Deadlock: Centre asks farmer unions to get back within a day on proposal to ‘hold’ laws

Farmers to decide on next step as government puts ball in their court

By DTE Staff
Published: Friday 22 January 2021

The Union government January 22, 2021 gave farmer unions 24 hours to get back to it on its proposal to ‘hold’ the contentious farm laws for 18 months, the Union agriculture minister told the media.

The government had offered to put on hold the three laws at the 10th round of meetings held January 20. A committee will deliberate on the laws during that period, the government had said.

The Samyukt Kisan Morcha, a joint front of farmer unions protesting against the three laws, January 21, 2021 had rejected the Centre’s proposal. They had reiterated their demand of repealing the laws.
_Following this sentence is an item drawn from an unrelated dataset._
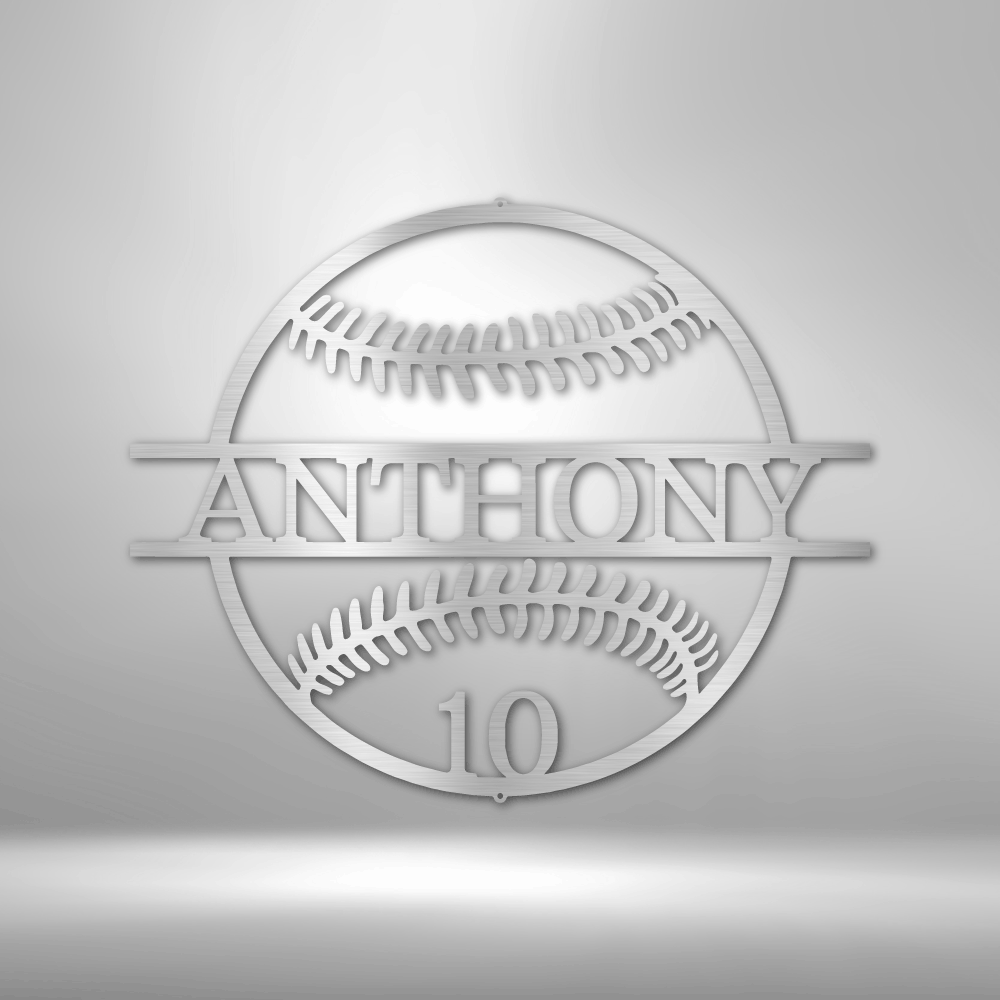 My Easy Monogram Steel Sign Silver / 12" Name and Number Baseball - Metal Sign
In the 11th round of talks January 22, no new date for the next meeting was fixed. Instead, the government asked the unions to get back to it within 24 hours if they approved of the proposal or suggest some other proposal other than a total repeal.

“The talks have completed today. We have asked the unions to inform us by tomorrow if they agree to our proposal,” Narendra Singh Tomar, Union Minister for Agriculture and Farmers’ Welfare told journalists after the meeting.

“The government said suspending the laws for some time was the maximum they could do and if we had a better proposal other than repealing, we could inform it by tomorrow and arrange the next meeting,” Hannan Mollah, general secretary, All India Kisan Sabha, told media.

He added that the unions will discuss this among themselves.

The meeting started around 12:30 pm and lasted for five hours. But the talks between the two parties lasted hardly for 20 minutes. After around only 15 minutes, the parties broke for lunch and then the farmers waited for around three hours for Tomar to return.

When he finally came back, he asked the farmers to consider the proposal again and said the government was ending the process of meetings.

During the talks, the government also offered to increase the duration of the suspension of the laws and make a separate committee for discussing Minimum Support Price as well.

“Confidence regarding suspension and serious deliberation is not there among farmers,” said Mollah.

Rajendra Singh of Kirti Kisan Union said the farmers did not have confidence on the formation of a committee as the recommendations of several committees regarding agriculture had not been accepted till date.

“The recommendations of the Swaminathan Commission have still not been accepted,” he said while speaking to reporters.